A very unreassuring bombshell: Richard Nixon and the Guam doctrine, July 1969
25 Jul 2019|

It’s a strange and poignant juxtaposition of anniversaries. On 24 July 1969 President Richard Nixon, just seven months into his presidency, was 1,500 kilometres southwest of Hawaii aboard USS Hornet to welcome the Apollo 11 astronauts back to earth and bask in the reflected glory of an American triumph.

From there he headed further west on his first trip to Asia as president. When his plane stopped to refuel in Guam, he held an informal press briefing—‘for attribution, but not for direct quotation’—to preview the trip for the travelling press. He spoke at some length and in a rather rambling way, but with deep knowledge and conviction, about Asia’s future and its significance to America.

He sought to reaffirm America’s commitment to Asia and its allies in the region. But he also qualified that commitment by setting new limits on what the US would be willing to do for its allies—hence making clear what it would expect its allies to do for themselves. This was clearest in Nixon’s answer to a question from one of the journalists.

[A]s far as the problems of military defense, except for the threat of a major power involving nuclear weapons, … the United States is going to encourage and has a right to expect that this problem will be handled by, and responsibility for it taken by, the Asian nations themselves.

This became known as the Guam doctrine, or the Nixon doctrine, which marks its 50th anniversary today. The president’s remarks were immediately seen as a major statement of US strategic policy, and he spelled it out more clearly in November 1969 in a televised address from the Oval Office:

First, the United States will keep all of its treaty commitments.

Second, we shall provide a shield if a nuclear power threatens the freedom of a nation allied with us or of a nation whose survival we consider vital to our security.

Third, in cases involving other types of aggression, we shall furnish military and economic assistance when requested in accordance with our treaty commitments. But we shall look to the nation directly threatened to assume the primary responsibility of providing the manpower for its defense.

The context, of course, was Vietnam. His aim was to avoid ‘the kind of policy that will make countries in Asia so dependent upon us that we are dragged into conflicts such as the one we have in Vietnam’. As Henry Kissinger made clear in his memoirs, there was no plan for Nixon to announce this new definition of America’s strategic role in Asia during that trip. But it was clear to everyone that such a redefinition was necessary.

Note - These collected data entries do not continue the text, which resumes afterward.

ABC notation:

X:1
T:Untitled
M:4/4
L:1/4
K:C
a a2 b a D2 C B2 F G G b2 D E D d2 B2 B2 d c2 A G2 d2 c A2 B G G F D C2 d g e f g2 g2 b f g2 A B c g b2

Nixon himself at Guam described how Australia’s then prime minister John Gorton had told him that many leaders in Asia were wondering whether America was about to withdraw completely from the region, as France and Britain had done. Nixon’s aim was to reassure them that it wouldn’t, while at the same time reassuring Americans that there would be no more Vietnams.

Nixon’s Guam statement nonetheless landed as a very unreassuring bombshell in Canberra. Partly this was a matter of sequencing. The previous year prime minister Harold Wilson had announced the end of Britain’s role as a strategic power in Asia with the withdrawal of all British forces east of Suez. Australians had of course been aware of Britain’s declining strategic weight and influence for decades, but it nonetheless came as a shock that one of our two ‘great and powerful friends’ was giving up and going home.

Now, from Guam, Nixon seemed to be saying that the other one was doing the same. For a generation with vivid memories of the fall of Singapore, it seemed all too plausible that Australia was being deserted to look after itself. That generation knew their Kipling, too, and his poem ‘Recessional’ seemed to many eerily apposite.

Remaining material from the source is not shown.